Whole fish roe/egg sacks (small eggs are best)
When making bottarga use the freshest fish roe possible and ensure that the membrane surrounding the eggs is intact.
Tidy up the fish roe by discarding any hanging membrane pieces, blood clots etc. Pat down the roe with paper towel and place into a large, non metallic bowl.
Make up a 1% salt brine solution (10 grams salt in 1L of cold water) and soak the roe overnight in the brine solution. The brine will change colour – don’t be alarmed!
Remove the roe from the brine and pat dry with paper towel.
Coat the roe with olive oil for 3-4 hours, turning once to apply a second coat of olive oil.
Lay paper towel across a large flat tray and liberally sprinkle salt to cover the paper towel. Lay the roe on the salt. If you have the room, try and ensure that the roe does not touch.
Cover the top of the roe with salt and place in the refrigerator for 2-3 days. The time will vary depending on the size of the roe.
Twice a day completely replace the paper towel and salt.
After 2-3 days the roe will be noticeably firmer. If it is hard it’s gone too far and will be very salty. Rinse of any excess salt and pat dry with paper towel. Lightly brush with olive oil again.

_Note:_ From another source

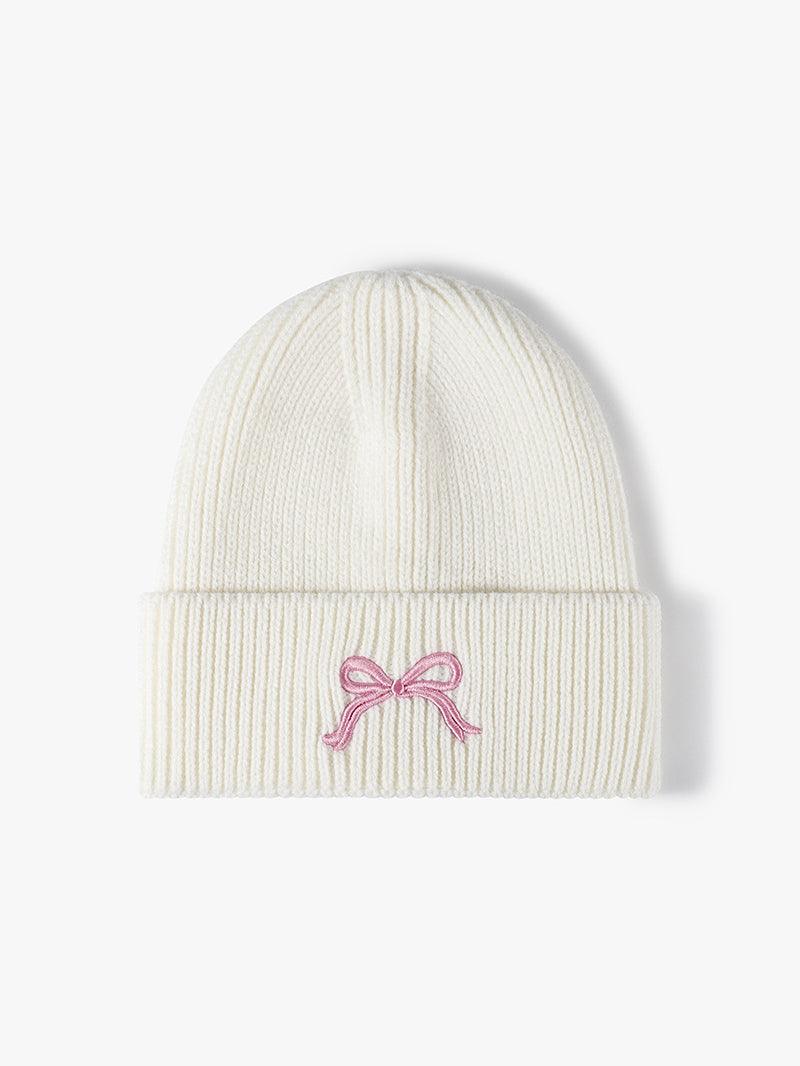 White knit hat with pink embroidered bow design.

With a sharp object, such as a skewer, carefully make some holes at the top of the roe (try not to tear the roe sacks). Thread twine and hang in a cool dry place or at the back of the refrigerator for around 10-14 days. Again, the time will depend on the size of your roe. Sometimes mine go over or under this time.
The roe will be quite firm to the touch and you should be able to slice it. Once bottarga is ready it can be thinly sliced or grated straight over a dish.